Ясно, конечно, что максимальная на сегодняшний день (можно надеяться, что открытия у есениноведов еще будут) полнота, информативность четвертого тома оказалась бы невозможной, если бы составителями его не был использован огромный материал: предшествующие издания, публикации в периодической печати, публикации в периодике и изданиях русского зарубежья, архивные материалы. Что же касается добротности комментаторской работы, — стоит взглянуть хотя бы на обстоятельнейший комментарий к циклу «Форма», где приведены различные фольклорные источники к стихотворению «Народная. Подражание песенке матери», где можно прочитать и текст песни участников антоновского восстания, отрывок из которого был записан Есениным в листках «Формы».
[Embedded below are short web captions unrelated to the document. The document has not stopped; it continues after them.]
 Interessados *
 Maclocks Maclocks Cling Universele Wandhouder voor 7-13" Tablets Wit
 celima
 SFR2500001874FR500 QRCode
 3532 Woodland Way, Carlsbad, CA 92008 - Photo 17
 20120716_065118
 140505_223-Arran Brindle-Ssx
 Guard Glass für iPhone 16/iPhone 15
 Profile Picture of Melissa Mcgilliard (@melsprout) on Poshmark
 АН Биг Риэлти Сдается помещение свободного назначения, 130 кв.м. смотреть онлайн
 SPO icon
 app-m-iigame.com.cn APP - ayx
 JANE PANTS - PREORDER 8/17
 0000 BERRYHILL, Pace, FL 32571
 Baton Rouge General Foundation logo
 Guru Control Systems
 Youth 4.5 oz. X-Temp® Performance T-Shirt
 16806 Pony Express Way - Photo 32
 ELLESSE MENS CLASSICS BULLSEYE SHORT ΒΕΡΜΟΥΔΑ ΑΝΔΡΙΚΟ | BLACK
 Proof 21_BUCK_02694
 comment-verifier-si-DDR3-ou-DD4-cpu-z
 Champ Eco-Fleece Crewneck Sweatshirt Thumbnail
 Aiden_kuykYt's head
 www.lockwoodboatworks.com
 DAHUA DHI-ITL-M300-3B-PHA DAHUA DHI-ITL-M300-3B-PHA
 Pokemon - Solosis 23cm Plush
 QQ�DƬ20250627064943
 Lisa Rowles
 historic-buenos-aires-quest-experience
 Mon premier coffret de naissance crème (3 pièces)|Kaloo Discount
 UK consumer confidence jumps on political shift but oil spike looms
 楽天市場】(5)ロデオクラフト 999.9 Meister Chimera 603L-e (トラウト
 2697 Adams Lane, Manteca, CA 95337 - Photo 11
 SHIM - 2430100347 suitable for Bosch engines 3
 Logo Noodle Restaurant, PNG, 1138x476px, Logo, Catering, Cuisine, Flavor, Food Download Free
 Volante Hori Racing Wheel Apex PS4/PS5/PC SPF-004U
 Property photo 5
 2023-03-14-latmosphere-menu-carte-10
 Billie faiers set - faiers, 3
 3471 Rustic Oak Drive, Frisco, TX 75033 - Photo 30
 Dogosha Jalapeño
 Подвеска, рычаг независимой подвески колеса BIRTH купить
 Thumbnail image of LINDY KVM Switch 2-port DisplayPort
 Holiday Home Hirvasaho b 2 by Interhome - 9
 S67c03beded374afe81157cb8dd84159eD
Итак, два тома академического Есенина уже пришли к читателю. Наверное, не все в них идеально. Продолжаются споры вокруг датировки некоторых стихотворений (хотя комментарии к уже вышедшим томам ясно свидетельствуют о том, какая тщательная работа была проведена по уточнению дат есенинских произведений). Не решены окончательно некоторые вопросы текстологии Есенина. Наверное, какие-то рукописи или документы еще не найдены. Однако это — дело будущего. В данном же случае, думаю, уместно будет нарушить один из канонов рецензионного жанра и искренне признаться — не хочу делать никаких замечаний. Хочу лишь разделить с читателем радость по поводу того, что вышли уже два тома ценнейшего издания, определяющего современный уровень нашего есениноведения и ярко подтверждающего общепризнанный авторитет отечественной текстологической школы.
И опять вспоминается осенний московский день, открытие памятника на Тверском, томик стихов у его подножия. И магнетическая близость бронзового Пушкина, и невольная мысль о том, что сегодня, в последние годы уходящего столетия, в дни новой смуты Есенин становится для нас одним из тех немногих имен, которыми, как сказано было когда-то о Пушкине, мы можем «аукаться,.. перекликаться в надвигающемся мраке». И, конечно, ощущение происходящего диалога с поэтом. Ведь памятник, цветы – это мы Есенину. А вот томик, алеющий среди цветов, – это Есенин нам. Новый диалог с Есениным начался – будем благодарны тем, кто помог этому началу, будем ждать продолжения диалога.
М.В.ИСАКОВСКИЙ В 1930-1940-е ГОДЫ
Середина 1930-х годов стала для М.Исаковского чертой, отметившей вступление поэта в пору творческой зрелости — именно во второй половине 1930-х и в 1940-е годы поэт создает произведения, получившие всенародное признание. В первую очередь, это связано с поворотом, во многом определившим поэтическую судьбу М.Исаковского — с обращением его к жанру песни. Песня пришла в поэзию М.Исаковского как бы сама собой, неожиданно для самого поэта. «Я никогда раньше не думал, — писал он в своей «Краткой автобиографии», — что буду писать песни, и “песенником” стал совершенно случайно. Однажды, было это в 1934 или 1935 году, в кино я услышал с экрана песню на свои слова и был очень удивлен. Это была песня “Вдоль деревни". После оказалось, что руководители хора имени Пятницкого — Л.М.Козьмин и В.Г.Захаров — в какой-то хрестоматии встретили стихотворение “Вдоль деревни”. Захаров написал музыку, и хор начал петь новую песню. Оттуда она и пошла. Потом я познакомился с руководителями хора, и они попросили меня дать что-либо еще. Я дал им “Провожанье”, которое уже около года лежало в моем столе. Затем я написал стихотворение “И кто его знает” и тоже показал его Захарову, которому оно понравилось, и он положил его на музыку. Стали на мои слова создавать музыку и другие композиторы (Покрасс, Блантер и др.)» [576].
«Случайность» обращения к песенному жанру была, конечно, мнимой — за ней стояло своеобразие поэтического дара М.Исаковского. Он и сам сознавал — и подчеркивал это — что «песенником» в узком смысле слова никогда не был. «За очень редкими исключениями, — замечал он, — я никогда не писал специально песен. Я писал просто стихи, то есть материал, рассчитанный на то, чтобы его можно было читать. Если же, думал я, будет к тому же написана и музыка, то тем лучше»[577]. Музыка, между тем, звучала уже в самом стихотворном строе многих произведений М. Исаковского тех лет, вдохновляя и композиторов, обращавшихся к ним [578].